Task instructions
Your reply should be an exact copy of the lines from the one that holds "Studded Leather Bowling Bag (Black)" to the end of the data below.

[Stored data]

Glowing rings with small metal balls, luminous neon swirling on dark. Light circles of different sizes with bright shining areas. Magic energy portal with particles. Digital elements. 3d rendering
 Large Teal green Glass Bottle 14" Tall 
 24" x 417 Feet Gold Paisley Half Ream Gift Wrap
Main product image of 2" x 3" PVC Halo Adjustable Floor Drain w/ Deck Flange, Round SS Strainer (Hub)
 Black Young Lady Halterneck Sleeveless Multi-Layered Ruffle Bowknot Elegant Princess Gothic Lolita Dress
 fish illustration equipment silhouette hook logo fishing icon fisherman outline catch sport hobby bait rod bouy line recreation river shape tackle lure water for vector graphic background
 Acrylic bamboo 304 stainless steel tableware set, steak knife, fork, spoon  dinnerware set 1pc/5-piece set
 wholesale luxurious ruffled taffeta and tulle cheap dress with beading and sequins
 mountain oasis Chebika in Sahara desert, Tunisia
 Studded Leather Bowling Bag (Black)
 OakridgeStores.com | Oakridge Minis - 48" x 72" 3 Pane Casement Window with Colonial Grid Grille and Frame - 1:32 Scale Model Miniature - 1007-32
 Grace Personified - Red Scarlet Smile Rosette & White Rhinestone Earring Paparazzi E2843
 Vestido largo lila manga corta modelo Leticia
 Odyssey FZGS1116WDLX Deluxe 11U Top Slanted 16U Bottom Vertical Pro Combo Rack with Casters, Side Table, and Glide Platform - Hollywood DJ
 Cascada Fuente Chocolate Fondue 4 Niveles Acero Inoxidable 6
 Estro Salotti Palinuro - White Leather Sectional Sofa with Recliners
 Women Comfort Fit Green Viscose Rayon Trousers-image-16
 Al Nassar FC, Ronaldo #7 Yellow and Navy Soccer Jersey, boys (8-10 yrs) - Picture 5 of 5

Your solution
 Studded Leather Bowling Bag (Black)
 OakridgeStores.com | Oakridge Minis - 48" x 72" 3 Pane Casement Window with Colonial Grid Grille and Frame - 1:32 Scale Model Miniature - 1007-32
 Grace Personified - Red Scarlet Smile Rosette & White Rhinestone Earring Paparazzi E2843
 Vestido largo lila manga corta modelo Leticia
 Odyssey FZGS1116WDLX Deluxe 11U Top Slanted 16U Bottom Vertical Pro Combo Rack with Casters, Side Table, and Glide Platform - Hollywood DJ
 Cascada Fuente Chocolate Fondue 4 Niveles Acero Inoxidable 6
 Estro Salotti Palinuro - White Leather Sectional Sofa with Recliners
 Women Comfort Fit Green Viscose Rayon Trousers-image-16
 Al Nassar FC, Ronaldo #7 Yellow and Navy Soccer Jersey, boys (8-10 yrs) - Picture 5 of 5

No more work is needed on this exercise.